Monday, July 9, 2007

art museum revisited

Philadelphia Museum of Art presents Ike Taiga. This presentation marks the first time exhibition in the US that has focused on the eighteenth-century Japanese master of ink painting.

Widely regarded as a world-class art institution, the Philadelphia Museum of Art includes not only its iconic Main Building, but also the Rodin Museum (also on the Benjamin Franklin Parkway) and several other historic sites. The recently acquired Perelman Building (across the street from the Main Building) is projected to open in 2007 and will house for public display a few of the Museum's more popular collections.

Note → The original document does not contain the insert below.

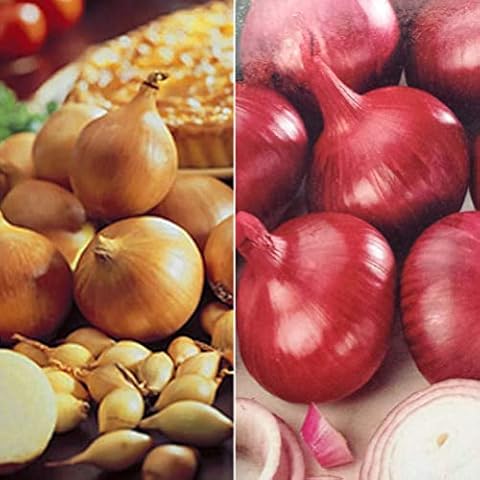 2 x 25 Twin Pack Onions- Centurion & Red Baron- High Yielding Mild to Strong Flavour- Perfect to Cultivate in Your Beautiful Garden - RHS Award of Garden Merit Cover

Last Sunday we went to art museum in Philadelphia, This is my very first time to go inside that Museum! It's really funny thou... Cause I have lived in this area for almost 10 years and I would do my usual walks in the city before, but just last Sunday is really my first time to go inside.

Alot of interesting things inside the Museum. It has 3 floors of just anything and everything. From Asian, European, Mid-Eastern to Pop Art they got it!

The highlights of the Asian collections include paintings and sculpture from China, Japan, and India; furniture and decorative arts, including major collections of Chinese, Japanese, and Korean ceramics; a large and distinguished group of Persian and Turkish carpets; and rare and authentic architectural assemblages such as a Japanese teahouse, a Chinese palace hall, and a sixteenth-century Indian temple hall. (How come there is no Filipino collections here? How biased can they get! LOL.)

The European collections, dating from the Medieval era to the present, encompass Italian and Flemish early Renaissance masterworks; strong representations of later European paintings, including French Impressionism and Post-Impressionism; sculpture, with a special concentration in the works of Auguste Rodin; decorative arts; tapestries; furniture; the second largest collection of arms and armor in the United States; and period rooms and architectural settings ranging from the facade of a Medieval church in Burgundy to a superbly decorated English drawing room by Robert Adam.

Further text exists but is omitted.